# Your task
Where the string "Outdoor" occurs in a line of the data below, that line should be copied.
===== Data for this task
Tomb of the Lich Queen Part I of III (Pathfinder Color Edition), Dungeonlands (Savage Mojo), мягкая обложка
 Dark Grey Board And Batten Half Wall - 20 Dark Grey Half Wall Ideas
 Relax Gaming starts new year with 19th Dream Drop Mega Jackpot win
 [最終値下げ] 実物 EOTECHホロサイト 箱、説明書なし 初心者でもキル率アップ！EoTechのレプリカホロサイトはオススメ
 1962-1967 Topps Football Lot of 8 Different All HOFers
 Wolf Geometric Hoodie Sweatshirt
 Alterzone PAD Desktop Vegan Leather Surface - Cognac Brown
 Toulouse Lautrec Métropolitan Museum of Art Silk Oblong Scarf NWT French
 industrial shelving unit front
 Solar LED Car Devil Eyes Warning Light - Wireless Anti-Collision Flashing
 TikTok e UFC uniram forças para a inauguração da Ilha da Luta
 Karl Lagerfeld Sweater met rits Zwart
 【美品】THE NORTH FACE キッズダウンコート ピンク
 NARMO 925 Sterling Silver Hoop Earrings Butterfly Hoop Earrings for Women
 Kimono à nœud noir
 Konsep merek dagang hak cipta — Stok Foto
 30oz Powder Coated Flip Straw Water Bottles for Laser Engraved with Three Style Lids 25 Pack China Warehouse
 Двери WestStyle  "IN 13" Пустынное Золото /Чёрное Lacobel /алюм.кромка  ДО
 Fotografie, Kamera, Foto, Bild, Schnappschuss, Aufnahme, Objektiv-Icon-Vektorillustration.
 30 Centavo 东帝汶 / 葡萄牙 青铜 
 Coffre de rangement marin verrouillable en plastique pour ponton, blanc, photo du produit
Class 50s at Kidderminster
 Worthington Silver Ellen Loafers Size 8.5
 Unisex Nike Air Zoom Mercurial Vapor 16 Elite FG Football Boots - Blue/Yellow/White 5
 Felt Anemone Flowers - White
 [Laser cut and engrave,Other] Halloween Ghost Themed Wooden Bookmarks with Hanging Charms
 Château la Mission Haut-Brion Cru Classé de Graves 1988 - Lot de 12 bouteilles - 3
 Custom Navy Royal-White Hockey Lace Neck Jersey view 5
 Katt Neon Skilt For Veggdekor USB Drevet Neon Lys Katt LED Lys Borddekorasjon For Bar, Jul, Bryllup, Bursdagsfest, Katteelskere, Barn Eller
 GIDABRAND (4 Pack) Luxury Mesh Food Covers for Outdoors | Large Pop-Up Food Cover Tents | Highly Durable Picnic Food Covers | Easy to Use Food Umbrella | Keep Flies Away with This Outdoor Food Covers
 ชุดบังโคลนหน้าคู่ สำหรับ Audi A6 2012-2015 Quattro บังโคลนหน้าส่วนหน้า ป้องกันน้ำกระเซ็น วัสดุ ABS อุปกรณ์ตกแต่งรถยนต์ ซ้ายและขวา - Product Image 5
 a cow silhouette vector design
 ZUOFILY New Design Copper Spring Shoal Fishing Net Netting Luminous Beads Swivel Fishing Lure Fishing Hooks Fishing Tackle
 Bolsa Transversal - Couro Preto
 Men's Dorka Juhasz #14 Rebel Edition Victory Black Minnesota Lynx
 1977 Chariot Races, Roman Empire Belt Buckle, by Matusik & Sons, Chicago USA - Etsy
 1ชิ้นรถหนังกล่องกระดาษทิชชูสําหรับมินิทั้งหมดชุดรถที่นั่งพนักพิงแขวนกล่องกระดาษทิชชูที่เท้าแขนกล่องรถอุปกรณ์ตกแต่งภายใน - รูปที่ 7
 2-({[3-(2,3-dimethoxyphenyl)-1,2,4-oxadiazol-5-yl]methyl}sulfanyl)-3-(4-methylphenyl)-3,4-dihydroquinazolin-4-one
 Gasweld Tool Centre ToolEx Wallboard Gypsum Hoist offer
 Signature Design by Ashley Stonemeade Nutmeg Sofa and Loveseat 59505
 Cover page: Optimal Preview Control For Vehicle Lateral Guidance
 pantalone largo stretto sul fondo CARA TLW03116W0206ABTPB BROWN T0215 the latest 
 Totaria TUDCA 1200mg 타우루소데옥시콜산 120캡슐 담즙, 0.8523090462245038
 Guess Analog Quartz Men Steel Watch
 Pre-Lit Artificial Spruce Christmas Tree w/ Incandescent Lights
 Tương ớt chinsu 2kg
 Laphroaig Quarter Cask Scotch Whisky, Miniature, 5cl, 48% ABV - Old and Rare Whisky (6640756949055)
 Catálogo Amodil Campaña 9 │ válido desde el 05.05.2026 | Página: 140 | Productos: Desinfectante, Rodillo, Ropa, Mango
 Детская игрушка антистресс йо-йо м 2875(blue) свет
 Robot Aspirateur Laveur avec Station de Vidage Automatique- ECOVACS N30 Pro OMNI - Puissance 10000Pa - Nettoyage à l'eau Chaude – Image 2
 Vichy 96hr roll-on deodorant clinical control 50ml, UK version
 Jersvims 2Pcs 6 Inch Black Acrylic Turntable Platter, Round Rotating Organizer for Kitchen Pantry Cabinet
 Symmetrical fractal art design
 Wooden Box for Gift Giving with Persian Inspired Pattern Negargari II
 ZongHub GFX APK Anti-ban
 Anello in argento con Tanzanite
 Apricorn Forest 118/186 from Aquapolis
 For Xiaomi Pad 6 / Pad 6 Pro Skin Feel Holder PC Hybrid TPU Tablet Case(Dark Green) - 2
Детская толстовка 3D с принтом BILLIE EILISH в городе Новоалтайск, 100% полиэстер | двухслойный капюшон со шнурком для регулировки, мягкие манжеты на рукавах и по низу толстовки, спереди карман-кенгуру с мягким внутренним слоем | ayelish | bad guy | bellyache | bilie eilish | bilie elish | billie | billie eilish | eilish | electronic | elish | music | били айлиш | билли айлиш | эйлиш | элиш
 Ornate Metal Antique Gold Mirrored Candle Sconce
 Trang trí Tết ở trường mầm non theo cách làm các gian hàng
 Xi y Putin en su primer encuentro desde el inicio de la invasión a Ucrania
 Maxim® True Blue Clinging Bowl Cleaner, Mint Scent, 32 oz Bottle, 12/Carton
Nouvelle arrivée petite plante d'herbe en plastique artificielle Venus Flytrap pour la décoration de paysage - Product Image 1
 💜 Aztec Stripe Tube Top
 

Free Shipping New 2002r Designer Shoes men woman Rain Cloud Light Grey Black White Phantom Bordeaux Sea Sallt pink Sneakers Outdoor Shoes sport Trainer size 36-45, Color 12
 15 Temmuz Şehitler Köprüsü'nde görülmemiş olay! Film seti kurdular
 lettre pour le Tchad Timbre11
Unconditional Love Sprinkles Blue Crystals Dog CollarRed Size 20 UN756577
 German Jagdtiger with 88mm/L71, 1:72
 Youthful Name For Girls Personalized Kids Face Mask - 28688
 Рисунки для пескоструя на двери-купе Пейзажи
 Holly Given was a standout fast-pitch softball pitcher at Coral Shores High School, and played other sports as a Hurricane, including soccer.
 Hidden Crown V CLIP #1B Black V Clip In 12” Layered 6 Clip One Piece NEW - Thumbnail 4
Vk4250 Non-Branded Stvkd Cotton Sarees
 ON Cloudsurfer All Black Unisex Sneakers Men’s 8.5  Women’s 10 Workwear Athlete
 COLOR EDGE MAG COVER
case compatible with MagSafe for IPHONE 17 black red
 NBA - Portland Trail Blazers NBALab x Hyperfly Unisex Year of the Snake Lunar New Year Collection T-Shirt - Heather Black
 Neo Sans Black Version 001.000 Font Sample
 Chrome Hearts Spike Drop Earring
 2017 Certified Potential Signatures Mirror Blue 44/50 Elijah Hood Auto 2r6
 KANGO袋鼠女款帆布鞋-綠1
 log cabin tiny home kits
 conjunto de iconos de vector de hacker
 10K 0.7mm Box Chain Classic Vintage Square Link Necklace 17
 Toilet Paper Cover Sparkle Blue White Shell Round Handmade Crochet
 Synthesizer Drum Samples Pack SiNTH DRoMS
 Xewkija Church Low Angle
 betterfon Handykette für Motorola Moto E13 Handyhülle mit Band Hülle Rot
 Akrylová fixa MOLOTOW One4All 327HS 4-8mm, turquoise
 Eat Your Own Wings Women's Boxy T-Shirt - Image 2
==========
# Solution for this task
 GIDABRAND (4 Pack) Luxury Mesh Food Covers for Outdoors | Large Pop-Up Food Cover Tents | Highly Durable Picnic Food Covers | Easy to Use Food Umbrella | Keep Flies Away with This Outdoor Food Covers
Free Shipping New 2002r Designer Shoes men woman Rain Cloud Light Grey Black White Phantom Bordeaux Sea Sallt pink Sneakers Outdoor Shoes sport Trainer size 36-45, Color 12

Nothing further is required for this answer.